As the economy has changed, you may have noticed that it is more and more difficult to acquire any sort of credit, be it credit card, overdraft protection, or even a loan. Mortgage lending is no exception, and is even more unattainable, requiring excellent credit and a substantial deposit. As such, young single people are often dissuaded from homeownership.
As real estate expert Jason Hartman knows, this doesn’t have to be the case. While it may be more difficult for a one income family to purchase a house, it isn’t impossible. Lenders look for first time buyers because they’re often an untapped market capable of boosting the real estate market. This includes single income households.
To increase your chances of qualifying for home ownership, there are a few things you can do. First, save a significant amount of money (20% of a property’s value) to put toward a down payment. If you have savings, this might be a good reason to tap it. Next, check your credit to make sure that it is excellent. If not, take steps to improve this score and your chances of qualifying for a mortgage. Use a free mortgage calculator to help figure out how much you’ll be able to afford to borrow and payback.
You should also spend time researching your specific area and develop a strategy that appeals to lenders in your own state or community. It’s important to approach everything (especially something as significant as home buying) with an educated and open mind. If you find that the area you had in mind is on the expensive side, consider relocation. The advantage of being a one income household is that you’re likely one person—this might be a great chance to move and explore areas that are more affordable.
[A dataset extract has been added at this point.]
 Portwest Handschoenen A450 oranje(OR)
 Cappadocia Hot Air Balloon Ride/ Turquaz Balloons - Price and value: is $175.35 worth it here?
And when you outgrow that piece of real estate, you can flex your property muscle as a landlord by renting it out and earning money for your next purchase!
If you’ve been fiscally responsible, there’s no reason that being a one income family should limit your ability to own a home. The average age for home ownership is rising—in the United States, it is currently at 34, which is significantly higher than years past. Though you may receive negative responses from people who think you’re unable to get a mortgage, pay them no attention—this is 2014, and it’s your year! (We can tell.)